Prize Administration and Funding

The Prize was administered by a board and secretariat at Tel Aviv University with advisory input from scholars at Harvard University, Yale University, Columbia University, University of Oxford, University of Cambridge, Stanford University, The Hebrew University of Jerusalem, Weizmann Institute of Science, and policy partners such as World Bank, OECD, UNESCO, European Union, and UNDP. Funding originated from the Dan David Foundation endowment, philanthropic vehicles similar to Gates Foundation, Carnegie Corporation, Kresge Foundation, Bloomberg Philanthropies, and private donors associated with corporations like Teva Pharmaceutical Industries, Intel, Google, Microsoft, Facebook, Apple Inc., Amazon (company), Samsung, and Siemens. Financial management mirrored practices used by Endowment (finance), Trust fund administrators and audit relationships with firms including PwC, KPMG, Deloitte, and EY.

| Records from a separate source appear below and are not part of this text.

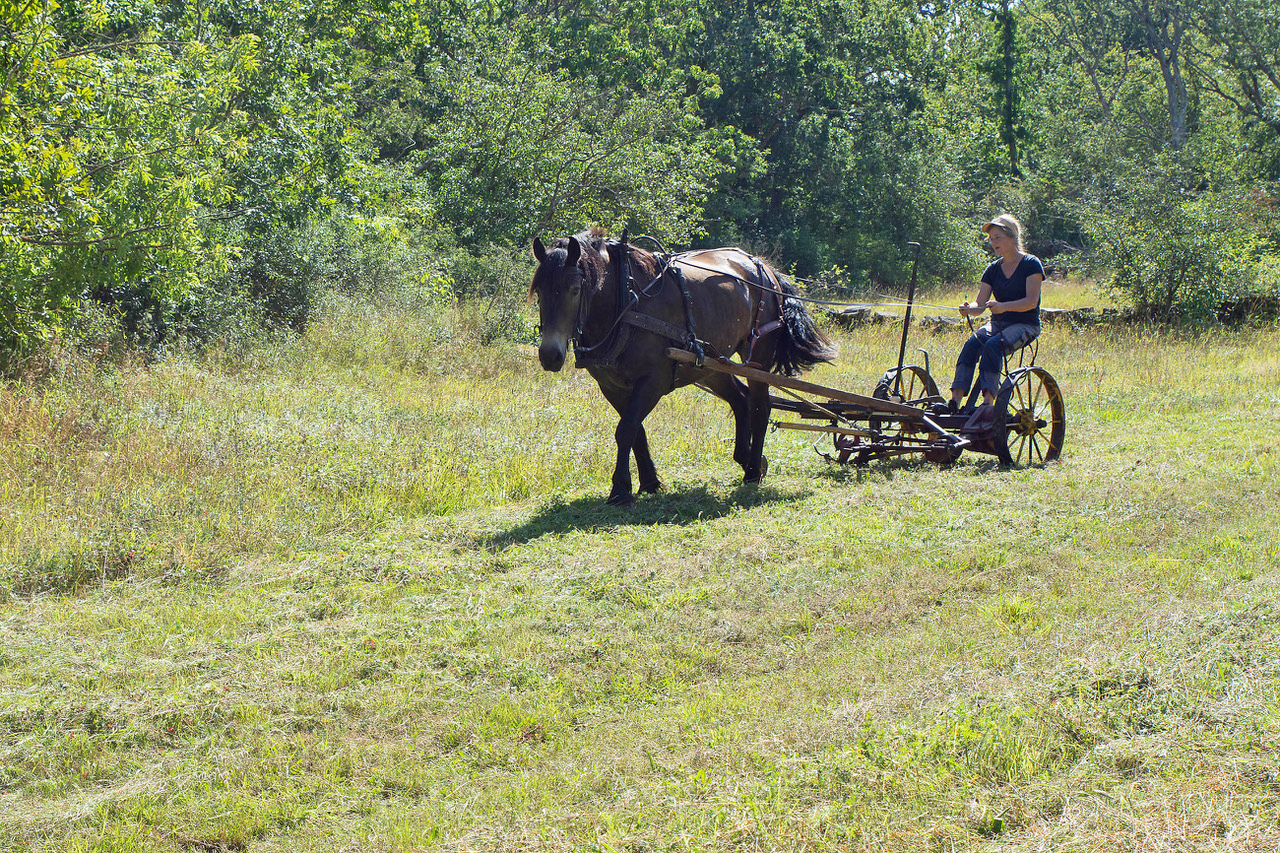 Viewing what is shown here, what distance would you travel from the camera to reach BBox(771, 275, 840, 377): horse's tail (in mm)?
9719

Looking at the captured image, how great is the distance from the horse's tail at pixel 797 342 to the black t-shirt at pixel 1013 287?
1513 millimetres

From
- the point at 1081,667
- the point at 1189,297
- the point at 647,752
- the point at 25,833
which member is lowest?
the point at 25,833

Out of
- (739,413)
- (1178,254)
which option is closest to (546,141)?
(1178,254)

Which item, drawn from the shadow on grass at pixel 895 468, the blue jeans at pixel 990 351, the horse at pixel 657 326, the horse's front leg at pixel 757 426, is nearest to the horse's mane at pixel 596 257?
the horse at pixel 657 326

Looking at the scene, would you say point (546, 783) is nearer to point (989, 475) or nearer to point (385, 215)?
point (989, 475)

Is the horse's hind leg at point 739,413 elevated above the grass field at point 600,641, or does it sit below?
above

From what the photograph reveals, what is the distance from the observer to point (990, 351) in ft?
30.5

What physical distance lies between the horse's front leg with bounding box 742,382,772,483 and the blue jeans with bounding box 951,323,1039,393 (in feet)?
5.87

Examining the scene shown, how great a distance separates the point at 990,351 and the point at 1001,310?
38cm

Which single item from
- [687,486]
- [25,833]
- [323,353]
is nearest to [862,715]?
[25,833]

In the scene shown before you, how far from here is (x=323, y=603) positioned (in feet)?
20.0

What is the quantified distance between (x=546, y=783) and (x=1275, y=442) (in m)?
8.83

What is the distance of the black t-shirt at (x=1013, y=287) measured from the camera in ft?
30.4

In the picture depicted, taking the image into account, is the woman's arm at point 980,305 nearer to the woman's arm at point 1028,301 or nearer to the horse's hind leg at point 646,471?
the woman's arm at point 1028,301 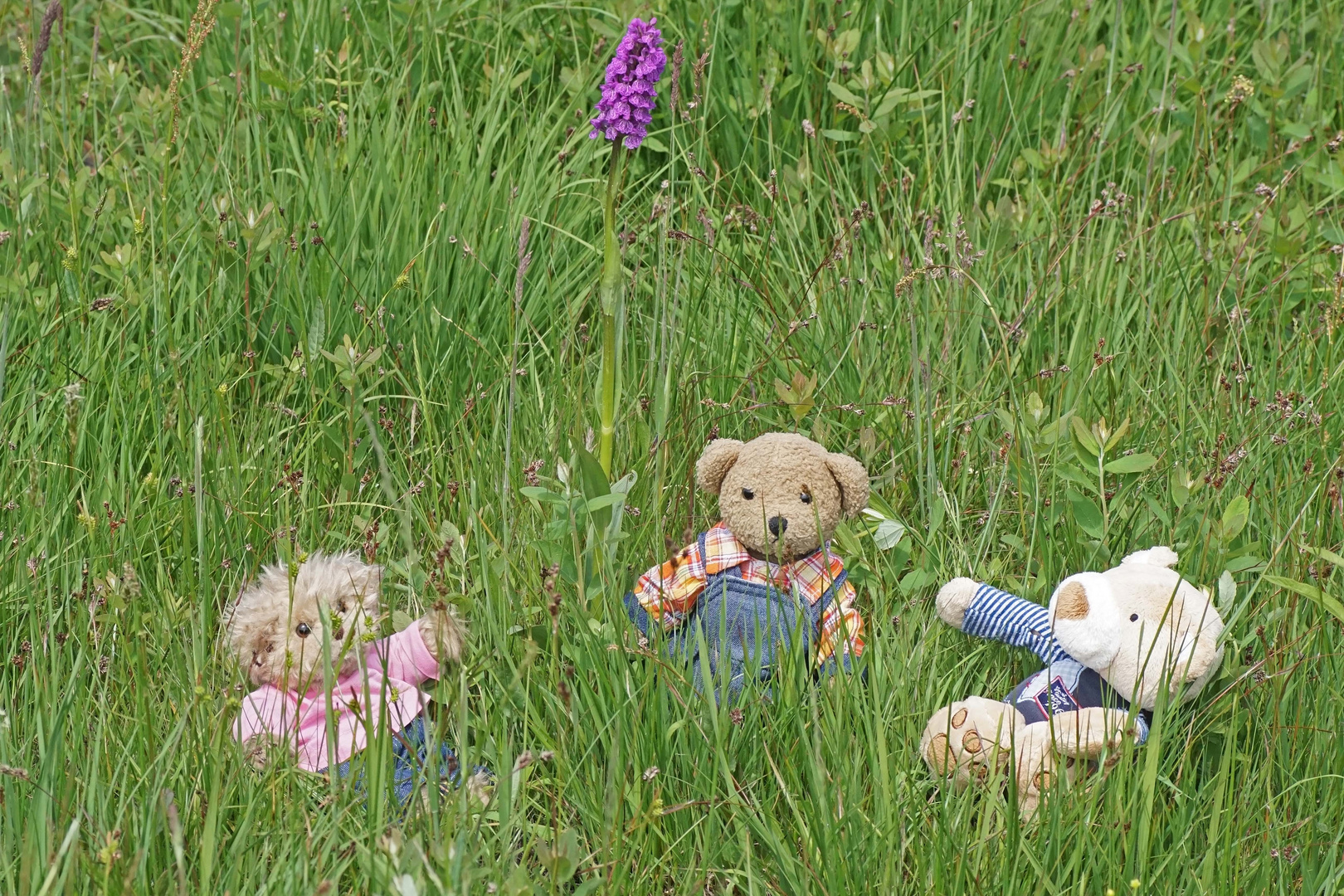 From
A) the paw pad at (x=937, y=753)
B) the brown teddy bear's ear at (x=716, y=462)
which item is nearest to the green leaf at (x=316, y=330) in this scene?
the brown teddy bear's ear at (x=716, y=462)

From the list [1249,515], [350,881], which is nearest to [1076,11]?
[1249,515]

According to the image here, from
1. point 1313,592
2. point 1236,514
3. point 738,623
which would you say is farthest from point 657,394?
point 1313,592

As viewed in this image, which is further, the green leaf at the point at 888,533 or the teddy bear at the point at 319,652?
the green leaf at the point at 888,533

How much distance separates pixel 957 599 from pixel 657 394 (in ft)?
2.11

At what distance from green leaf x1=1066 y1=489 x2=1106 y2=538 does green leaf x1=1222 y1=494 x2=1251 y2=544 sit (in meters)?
0.21

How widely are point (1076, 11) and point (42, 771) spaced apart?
3.13 m

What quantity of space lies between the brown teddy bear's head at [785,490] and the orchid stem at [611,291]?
213 millimetres

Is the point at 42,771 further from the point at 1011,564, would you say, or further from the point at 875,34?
the point at 875,34

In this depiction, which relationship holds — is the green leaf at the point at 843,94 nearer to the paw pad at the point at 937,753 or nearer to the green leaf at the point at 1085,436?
the green leaf at the point at 1085,436

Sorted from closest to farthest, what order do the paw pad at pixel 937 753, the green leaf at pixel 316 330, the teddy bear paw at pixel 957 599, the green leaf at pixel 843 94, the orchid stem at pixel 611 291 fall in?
1. the paw pad at pixel 937 753
2. the orchid stem at pixel 611 291
3. the teddy bear paw at pixel 957 599
4. the green leaf at pixel 316 330
5. the green leaf at pixel 843 94

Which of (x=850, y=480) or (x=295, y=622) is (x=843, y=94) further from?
(x=295, y=622)

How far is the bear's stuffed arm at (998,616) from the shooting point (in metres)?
2.26

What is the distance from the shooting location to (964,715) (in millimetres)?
2133

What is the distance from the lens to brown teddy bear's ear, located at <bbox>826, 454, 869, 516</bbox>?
2334 millimetres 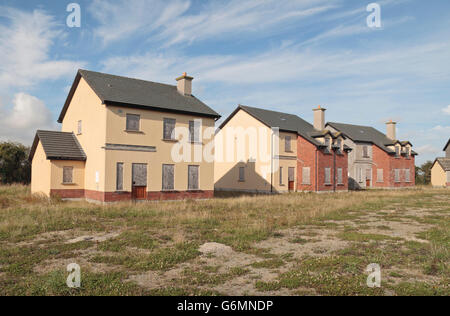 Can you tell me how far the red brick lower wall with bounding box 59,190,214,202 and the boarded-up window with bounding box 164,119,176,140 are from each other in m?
3.90

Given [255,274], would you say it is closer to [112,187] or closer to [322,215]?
[322,215]

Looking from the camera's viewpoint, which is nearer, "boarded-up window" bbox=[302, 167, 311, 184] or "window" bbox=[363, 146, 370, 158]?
"boarded-up window" bbox=[302, 167, 311, 184]

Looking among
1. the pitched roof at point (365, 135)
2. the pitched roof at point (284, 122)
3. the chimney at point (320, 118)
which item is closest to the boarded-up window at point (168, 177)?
the pitched roof at point (284, 122)

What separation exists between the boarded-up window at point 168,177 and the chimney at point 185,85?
6764 mm

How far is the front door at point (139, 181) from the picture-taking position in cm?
2198

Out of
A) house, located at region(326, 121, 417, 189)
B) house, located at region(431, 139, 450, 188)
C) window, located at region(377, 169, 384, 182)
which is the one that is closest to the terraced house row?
house, located at region(326, 121, 417, 189)

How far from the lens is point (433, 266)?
7902mm

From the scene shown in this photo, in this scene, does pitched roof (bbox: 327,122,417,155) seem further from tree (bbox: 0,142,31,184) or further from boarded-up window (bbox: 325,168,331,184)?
tree (bbox: 0,142,31,184)

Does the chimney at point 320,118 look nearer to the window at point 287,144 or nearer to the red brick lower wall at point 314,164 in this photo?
the red brick lower wall at point 314,164

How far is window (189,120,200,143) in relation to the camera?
81.1 feet

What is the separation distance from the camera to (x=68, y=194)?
72.3ft

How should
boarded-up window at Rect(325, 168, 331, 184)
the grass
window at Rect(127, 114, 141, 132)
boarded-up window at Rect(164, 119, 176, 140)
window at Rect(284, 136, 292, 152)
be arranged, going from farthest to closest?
boarded-up window at Rect(325, 168, 331, 184) → window at Rect(284, 136, 292, 152) → boarded-up window at Rect(164, 119, 176, 140) → window at Rect(127, 114, 141, 132) → the grass

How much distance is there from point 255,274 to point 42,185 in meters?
19.7

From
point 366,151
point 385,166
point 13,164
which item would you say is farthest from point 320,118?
point 13,164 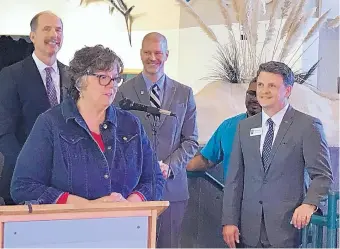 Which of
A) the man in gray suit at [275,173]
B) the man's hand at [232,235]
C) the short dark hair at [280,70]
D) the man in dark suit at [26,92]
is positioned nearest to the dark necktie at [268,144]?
the man in gray suit at [275,173]

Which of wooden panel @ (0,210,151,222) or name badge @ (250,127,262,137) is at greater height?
name badge @ (250,127,262,137)

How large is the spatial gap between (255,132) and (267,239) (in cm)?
48

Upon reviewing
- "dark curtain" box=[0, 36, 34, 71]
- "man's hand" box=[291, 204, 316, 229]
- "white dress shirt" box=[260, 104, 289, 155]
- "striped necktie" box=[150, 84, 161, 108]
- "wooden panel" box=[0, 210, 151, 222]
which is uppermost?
"dark curtain" box=[0, 36, 34, 71]

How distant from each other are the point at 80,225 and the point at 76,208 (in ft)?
0.17

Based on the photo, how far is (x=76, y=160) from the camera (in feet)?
6.04

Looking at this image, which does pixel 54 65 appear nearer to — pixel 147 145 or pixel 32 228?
pixel 147 145

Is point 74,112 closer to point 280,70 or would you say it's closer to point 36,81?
point 36,81

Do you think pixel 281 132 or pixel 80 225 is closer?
pixel 80 225

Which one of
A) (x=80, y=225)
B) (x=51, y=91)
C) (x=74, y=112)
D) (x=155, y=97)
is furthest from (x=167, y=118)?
(x=80, y=225)

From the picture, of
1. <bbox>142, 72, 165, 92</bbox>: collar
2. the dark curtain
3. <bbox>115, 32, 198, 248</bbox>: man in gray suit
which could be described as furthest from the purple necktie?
<bbox>142, 72, 165, 92</bbox>: collar

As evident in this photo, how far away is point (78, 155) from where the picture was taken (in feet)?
6.05

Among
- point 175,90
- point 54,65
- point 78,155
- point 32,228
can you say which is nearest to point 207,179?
point 175,90

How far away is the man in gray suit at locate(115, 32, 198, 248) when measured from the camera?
2.77m

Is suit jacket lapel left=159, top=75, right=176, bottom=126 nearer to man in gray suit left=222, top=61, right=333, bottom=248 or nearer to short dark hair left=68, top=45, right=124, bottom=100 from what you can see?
man in gray suit left=222, top=61, right=333, bottom=248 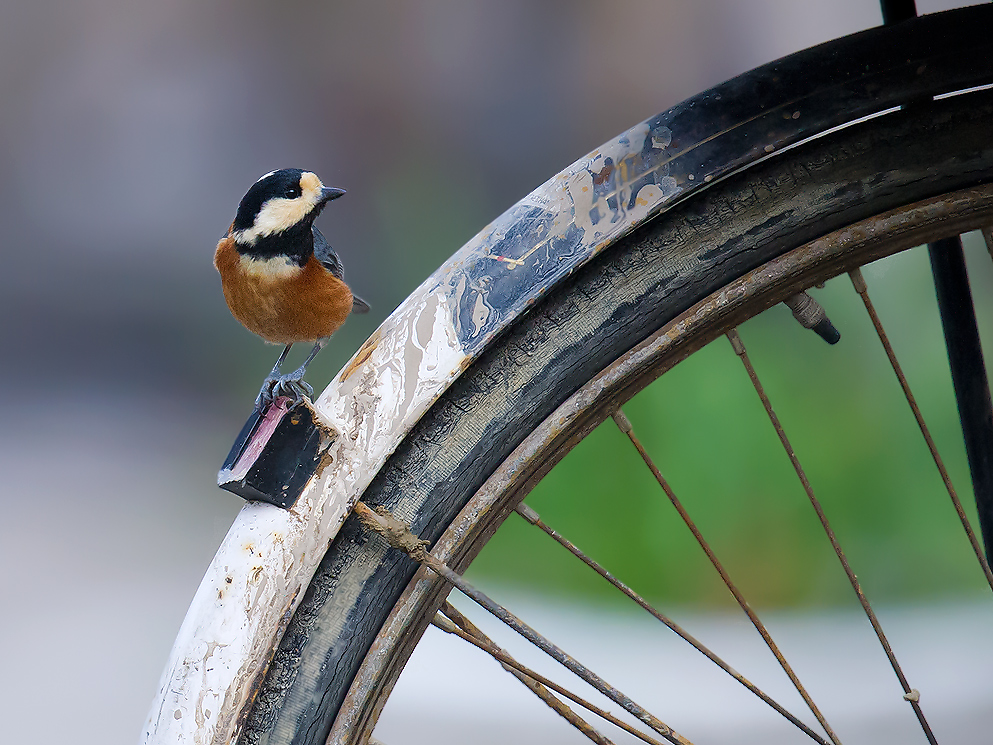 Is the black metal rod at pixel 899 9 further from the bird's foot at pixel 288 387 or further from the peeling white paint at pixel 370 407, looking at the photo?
the bird's foot at pixel 288 387

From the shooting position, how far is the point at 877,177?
12.6 inches

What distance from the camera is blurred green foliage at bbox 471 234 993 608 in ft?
3.50

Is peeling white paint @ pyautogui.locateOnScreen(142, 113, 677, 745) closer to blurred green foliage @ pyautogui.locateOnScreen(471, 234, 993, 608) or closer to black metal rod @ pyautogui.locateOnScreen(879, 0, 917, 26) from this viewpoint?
black metal rod @ pyautogui.locateOnScreen(879, 0, 917, 26)

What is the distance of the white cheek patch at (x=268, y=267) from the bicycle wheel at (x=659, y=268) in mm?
109

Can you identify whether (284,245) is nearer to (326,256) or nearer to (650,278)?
(326,256)

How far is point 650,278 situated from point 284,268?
0.18m

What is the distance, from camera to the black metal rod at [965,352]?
39 cm

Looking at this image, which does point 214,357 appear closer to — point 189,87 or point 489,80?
point 189,87

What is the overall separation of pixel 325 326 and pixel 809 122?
25 centimetres

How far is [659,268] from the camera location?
12.6 inches

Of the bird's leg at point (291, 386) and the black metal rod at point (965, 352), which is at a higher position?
the black metal rod at point (965, 352)

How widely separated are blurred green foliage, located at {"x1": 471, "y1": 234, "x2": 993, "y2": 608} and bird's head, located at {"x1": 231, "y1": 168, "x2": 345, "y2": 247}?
73cm

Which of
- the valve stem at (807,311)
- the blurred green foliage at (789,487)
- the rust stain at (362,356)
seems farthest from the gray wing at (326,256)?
the blurred green foliage at (789,487)

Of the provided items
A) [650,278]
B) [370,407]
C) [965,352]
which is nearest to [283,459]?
[370,407]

Controversies and Criticism

The Prize generated debate comparable to controversies surrounding Nobel Prize selections, Pulitzer Prize disputes, Turner Prize controversies, and political disputes involving UNESCO or European Commission cultural funding. Criticisms involved perceived affiliations with donors linked to Israeli–Palestinian conflict narratives and comparisons to public debates in Knesset, Dáil Éireann, United States Congress, European Parliament, United Nations General Assembly, and civil society organizations like Amnesty International, Human Rights Watch, B'Tselem, Peace Now, Committee to Protect Journalists, and Reporters Without Borders. Academic critiques echoed discussions in journals such as Nature, Science (journal), The Lancet, Foreign Affairs, Journal of Modern History, American Historical Review, and opinion columns in The New York Times, The Guardian, Haaretz, Le Monde, and Frankfurter Allgemeine Zeitung. Debates often referenced broader controversies around awards and free expression seen with Nobel Peace Prize (controversies), Booker Prize controversies, and cultural boycotts connected to Boycott, Divestment and Sanctions.